Mum made me carry a comb, and it weighed a ton. A smoking porch widow once called out to me that I was a sissy with my neat hair, though she had hot rollers in hers – scaffolding for what would become a towering beehive. For the male of the species, any type of grooming, then known as “dolling yourself up”, was seen as an underhanded way of putting yourself above your fellow man. A deceptive veneer was a form of subterfuge encouraged in women and forbidden for men. Men were supposed to happily look like shit. And mostly did.
So when I first saw a man moisturise I took refuge inside a hedge and fretted there all day, bewildered and queasy. My parents hadn’t prepared me for exotic extremes of human behaviour such as men moisturising, and watching this neighbour’s orbital application was as disconcerting to me as if I’d caught Mario Milano wriggling into a pair of bell-bottoms. Dad told me the man had been scalded by hydrochloric acid at the cannery, and that made me feel better. In Shepparton, we blokes didn’t moisturise.
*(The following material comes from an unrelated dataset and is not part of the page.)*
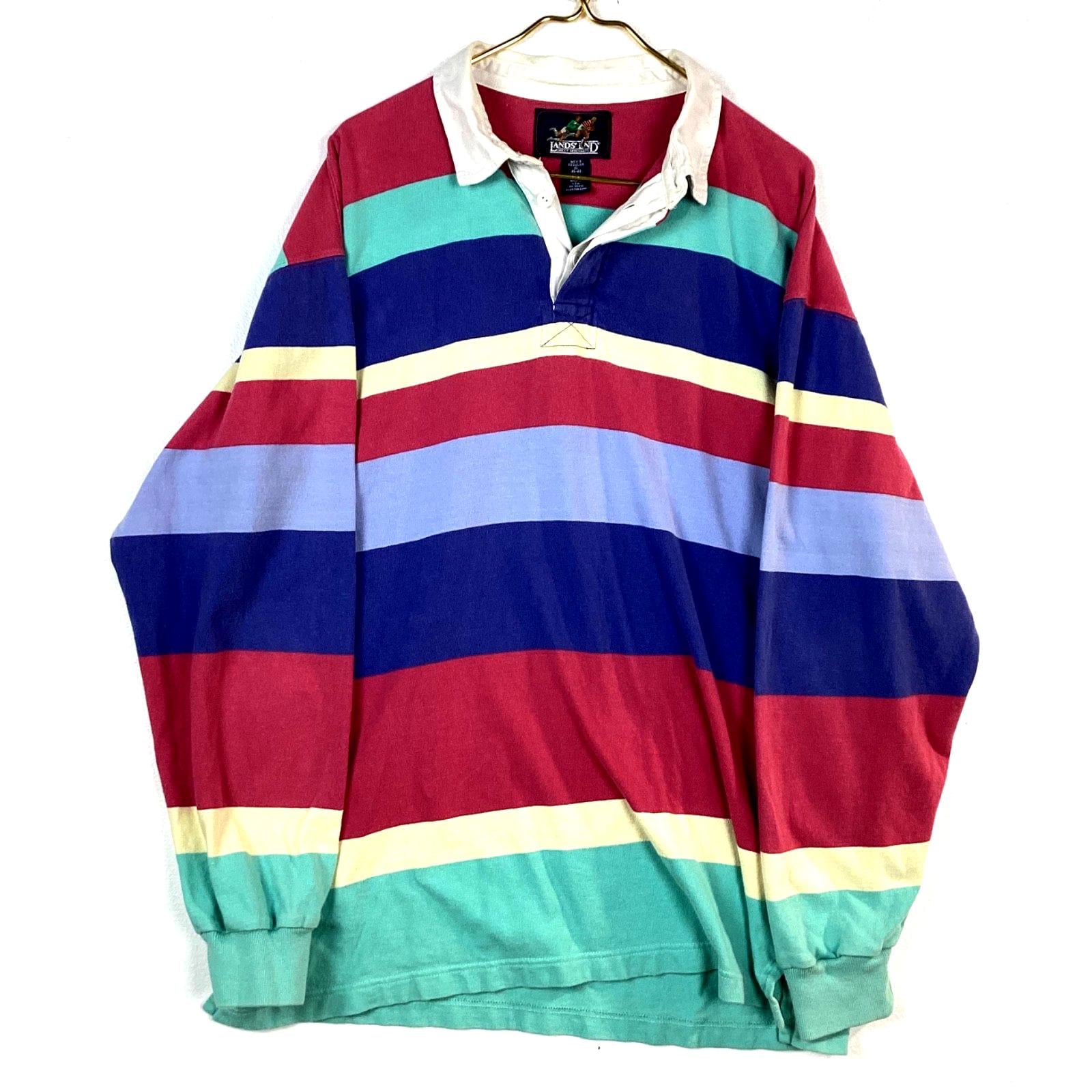 Amazon.com: Lands' End Mens Long Sleeve Rugby Polo Shirt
You’d have been thought some sort of gender-bending revolutionary if you did – the type of small-town Mao who inadvertently sighs while watching Rock Hudson on TV. We preferred our men to be onion-skinned and to flake and rustle as they chatted.
My daughters were coming around for my birthday dinner the other day, so I did all the things you do to keep your kids from knowing how f—ed up you are. I turned the volume down on the TV remote and lowered the heater’s thermostat, culled the use-by transgressions in the fridge, the flaccid celery, the gaunt corn, and the taramasalata that had, like Dezi Freeman, hidden festering in its remote container for so long.
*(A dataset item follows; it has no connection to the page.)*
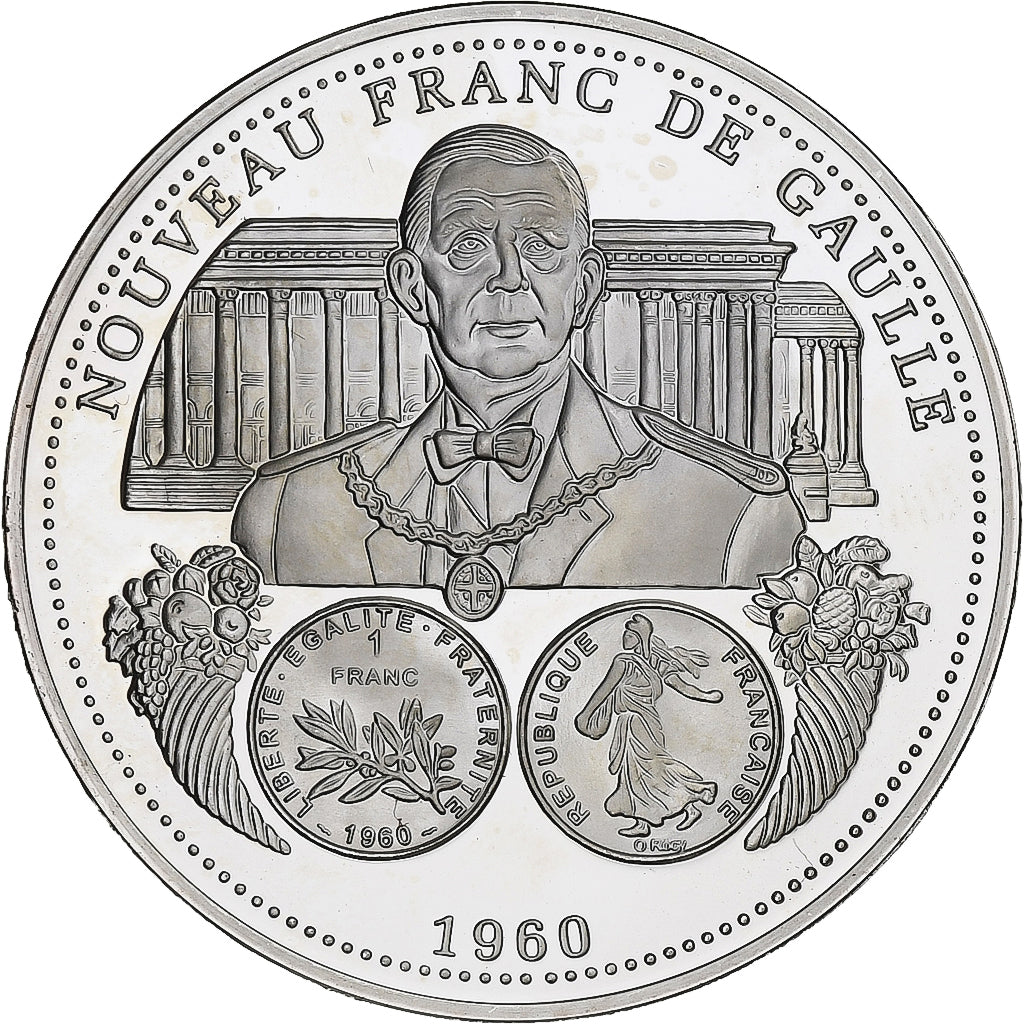 France, Medal, Nouveau Franc De Gaulle, Silver, MS(64)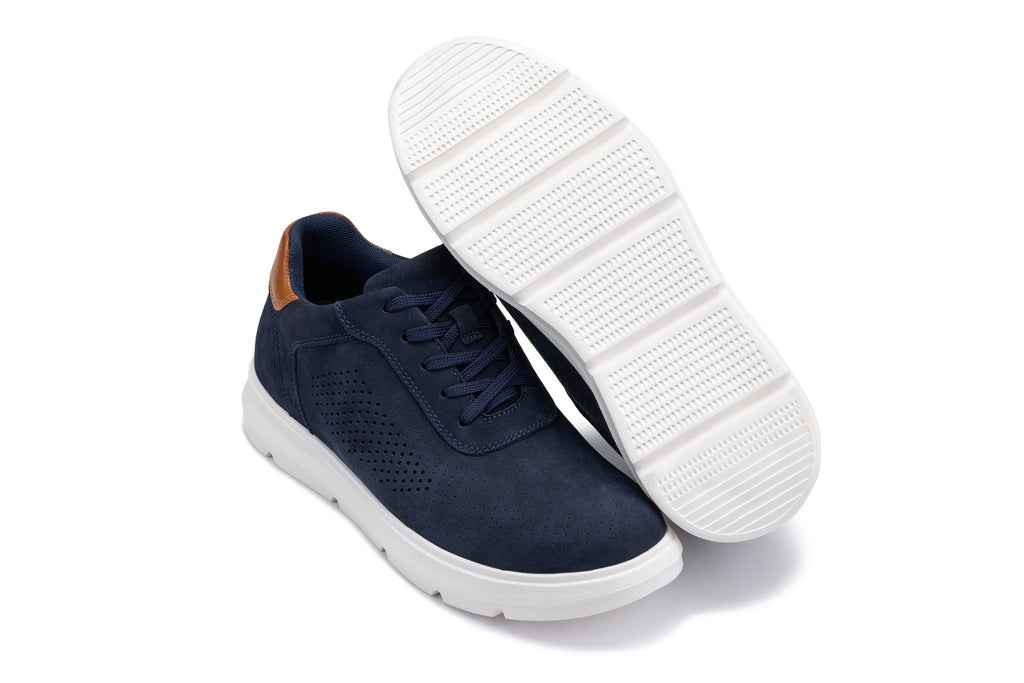CALTO - J1582  - 2.6 Inches Taller (Nubuck Navy) - Lightweight Casual Walkers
Both women, without consultation, without arranging this as an ambush, gave me moisturiser for my birthday. Fancy moisturisers engineered for gentlemen. Lotion Apres-Rasage au Neroli Marocain. (In this age of versatile gender, if I identify as a woman tomorrow, should I risk using these? Or am I safer chucking them and getting stuff that works on women?)
The birthday turned into an intervention. About a dozen of mine have recently … booze, bad language, cynicism, lack of communication, etc – your adult kids can make any celebration a re-education camp.
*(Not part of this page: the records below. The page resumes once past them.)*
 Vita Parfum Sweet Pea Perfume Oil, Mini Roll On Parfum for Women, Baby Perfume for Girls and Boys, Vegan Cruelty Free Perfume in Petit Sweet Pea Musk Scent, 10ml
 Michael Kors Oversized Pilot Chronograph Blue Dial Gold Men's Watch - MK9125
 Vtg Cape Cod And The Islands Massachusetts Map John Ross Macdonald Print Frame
This time, it turns out, I was guilty of having a dry face. My forehead was a Sahara and my visage a mirage. So, dutifully, obediently, shockingly, I have begun to moisturise. I’ve become a sort of late-stage looksmaxxer, with skills approximating those of an appalled mortician. The word “embalm” comes from the Latin “balm,” meaning a fragrant lotion made of resin and oils.
Sadly, the person who moisturises is subject to the same snowballing addiction as a heroin or meth user – you start off with a tiny dose and have to keep increasing it week by week to get the same effect you used to get from half as much. Now, every morning, I’m slathering my head with unguents like a hillbilly greasing up a hog for a county fair. I can’t stop.
I have become, like Adam in the garden after his apple, suddenly scaldingly aware, even ashamed, of my nakedness. To assuage this feeling, I must apply. About midday, again approximating parchment, I must reapply. I must give off a hint of bergamot, a whiff of root extract. I must glow.
I haven’t confirmed this, but it’s likely I’ve become gorgeous. I’m getting double glances, second looks, eyebrows are being raised at me by both sexes. I suddenly understand the burden of being George Clooney.
I know I should be happy being gorgeous. Yet I hear a rebuke in the lyrics of a favourite song, A Slight Discomfort, by The Hold Steady:
“Ain’t it sad about those metro guys, don’t it hurt to watch ’em moisturise?
They’re never funny and they’re all so afraid to die.”
I’ve listened to that song a hundred times, laughing at those “metro guys” for their greasy po-faced thanatophobia. I’m not laughing any more.